エリザベート王太子妃殿下
「おっと、大丈夫か?」
スラリと背の高い美しい方が、キャサリン様を抱き留めていた。
艶やかな銀糸の真っ直ぐな髪を、邪魔にならないようにシンプルに飾り紐で高い位置で結び、涼しげな翡翠の瞳にスッと通った鼻筋の、美貌の女性だ。
そう、女性。
しかも、そんじょそこらの貴族令息なんかより凛々しく流麗な御仁……キャサリン様を抱き留めてくださったのは、畏れ多くもエリザベート・ランガルドフ王太子妃殿下だった。
「ひゃ、ひゃい!」
あまりの事態にキャサリン様は、そのご自身の赤い髪と同じ顔色になり、今にも失神しそうだ。

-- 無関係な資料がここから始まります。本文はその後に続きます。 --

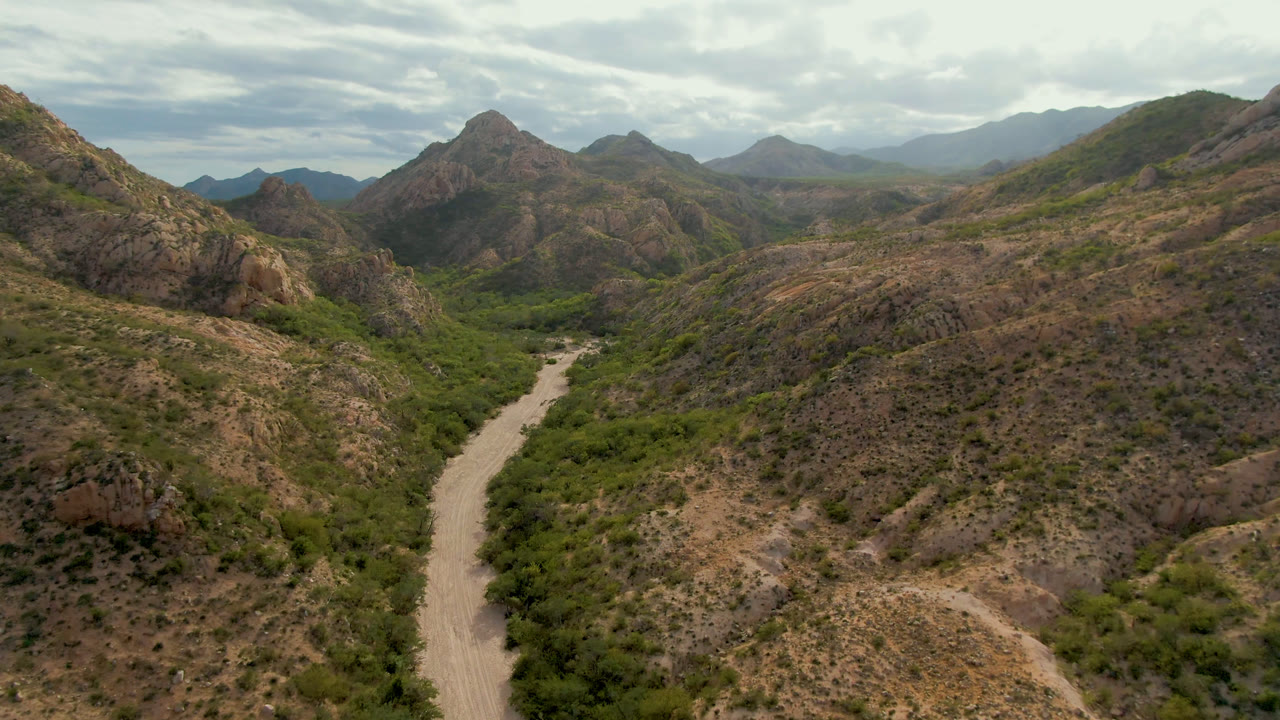 Desert valley with a winding pale road and mountain ridges in the distance.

エリザベート王太子妃殿下の後ろで、般若の表情の黄緑色の髪の若い侍女と、アララ〜という表情の柔らかなウェーブの銀色の髪の若い護衛騎士の二人が立っていた。
私は慌ててキャサリン様の首根っこを引っ掴み、床に押し付けた。
「土下座、謝罪」
私は目を白黒させているキャサリン様に、小さな声で指示を出した。
どうにかして許してもらえなければ、キャサリン様の侍女になる道が閉ざされてしまう。
「大変申し訳ございません!」
「た、大変申し訳ございません」
私の叱咤に、魂を飛ばしかけていたキャサリン様も、慌てて土下座の姿勢になり謝罪した。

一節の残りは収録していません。